As people are going bonkers over Trevor Noah’s response to criticism over calling the World Cup-winning French team ‘African’, it calls for a conversation around France and its colonial heritage.
One of the most vital topics is the ongoing practice by which former French colonies are still using the 1945 currency imposed on them by France.
Then, General Charles de Gaulle in a bid to bring together former colonies into the Franc Zone decreed the use of the franc of the African Financial Community (CFA) within the colonies in West and Central Africa.
The installation of the currency came in the wake of dwindling France’s economy after World War II. It was a system to help France and its African colonies recover.
To this day, 14 Francophone African countries in West and Central Africa, excluding Guinea, which rejected everything French and currently has its own currency, use the CFA. They are Benin, Burkina Faso, Ivory Coast, Guinea-Bissau, Mali, Niger, Senegal, Togo and Cameroon, under West African Economic and Monetary Union (WAEMU) and the Central African Republic, Chad, Congo, Equatorial Guinea and Gabon under Communauté Economique et Monétaire de l’Afrique Centrale (CEMAC).
This homogenous monetary system has four main pillars: a standard exchange rate with the Euro; a guarantee of unlimited convertibility of CFA francs into euros; a centralisation of foreign exchange reserves; and a principle of free capital transfer within the franc zone.
These pillars have brought about a lot of complaints from African countries, one of which is the inability of these countries to control their own currency. Not only are these countries unable to adjust the money according to their needs but also cannot access other foreign exchange markets.

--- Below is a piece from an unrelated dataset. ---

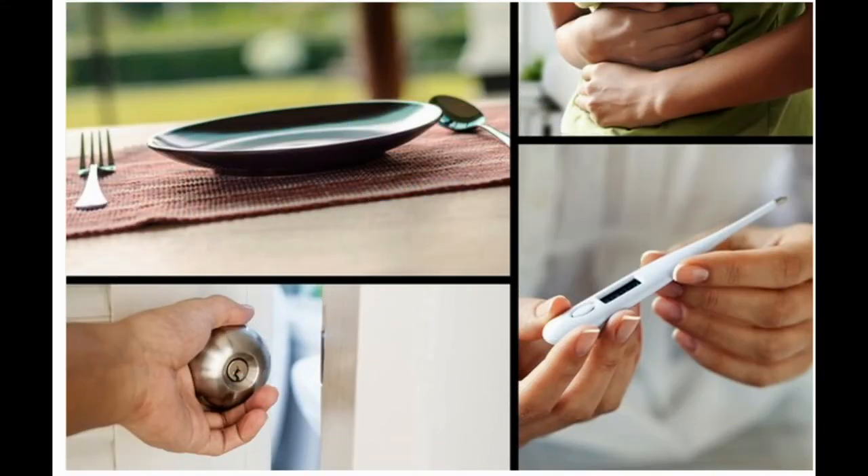Symptoms: You'll usually have serious stomach pain. It may start near your belly button and gradually move to the lower right. It might also get worse when you move around, breathe deeply, cough, or sneeze. You may also have signs like no appetite, nausea and vomiting, fever, and diarrhea or constipation. Call your doctor right away if you have these symptoms.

The guarantee of unlimited convertibility into Euros also has a downside: that in most places the Euro is the only currency available for exchange to the CFA. franc The CFA Franc is not as popular as the Euro and this fact locks it out of quite a number of forex markets, placing African users at a disadvantage. The two versions of the CFA are also not interchangeable within the two African blocs despite having the same value (currently at 655.957 CFA Franc to 1 euro).
The argument that the CFA franc is a way of maintaining economic stability in the Franc zone has also been criticised as it does not look into the effects including slow economic growth and low employment rates. Further, it does not prevent some of Francophone cities from being the most expensive in the world.
The CFA franc has also been considered an obstacle to exports and encouraging imports, an imbalance that benefits France and Eurozone economies. This also implies that trade in these countries has largely been with France and Europe as compared to their counterparts.
Additionally, the CFA countries need to maintain a billion dollar balance in France in the centralised exchange reserve. Currently, the obligatory reserve held is USD 20 billion (17 billion euros) for each country. Additionally, the countries pay a small percentage of interest to France for managing the reserve. Fifty per cent of these reserves has been held by the French Ministry of Finance.
The USD 2o billion reserve exceeds the GDP of some countries with reserves in France.
Following years of CFA franc use, citizens in the Franc zone took to the streets in 2017 to demand the governments do away with the legal tender and install local currencies. They complained that the currency limited development and kept the locals in poverty.
The protests came in the heel of the burning of a 5000 CFA note by Senegalese activist, Kemi Seba, who referred to the currency as “an economic and political scandal of the colonial establishment which is killing our people.”
Songs have also been made to call for the abolishment of the CFA by musicians who are political activists.
Another activist, Gius Sagna also said that the abolition of the currency symbolises the stepping away from neo-colonial France. He called for the management of the currency, in whatever form or name, by African states instead of France.
Another critic of the CFA is Chad’s President Idriss Deby, who, in 2015, said that it is an obstacle to the development of the member countries of the CFA zone. He had also stated that as the country is undergoing economic crisis due to falling oil prices and fight with Boko Haram, the money in the reserve could have been more useful in Chad than in France.
The call for the abolishment of the CFA has also been pushed by the increasing interests of the U.S. and China.
However, some governments in the Franc Zone prefer staying in the monetary system than leaving it. In 2017, Gabon’s prime minister, Casimir Oye Mba said that these countries decided to stay in the zone willingly because it is in their interest to do so.
France has been largely quiet over the opposition of CFA franc until 2017 when President Emmanuel Macron stated that the issue depends on the African countries using the currency.
“On this subject, don’t have a simply post-colonial or anti-imperialist approach, it wouldn’t make sense, that’s not imperialism, it’s not true. France will go along with the solution put forward by your leaders,” he told Burkina Faso students in a question-and-answer session.
He added: “If they want to change the name, I’m totally in favour of it. And if they consider that this regional stability should be scrapped altogether and they’ll be better off without it, well I think they’re the ones who decide, so I’m in favour of that.”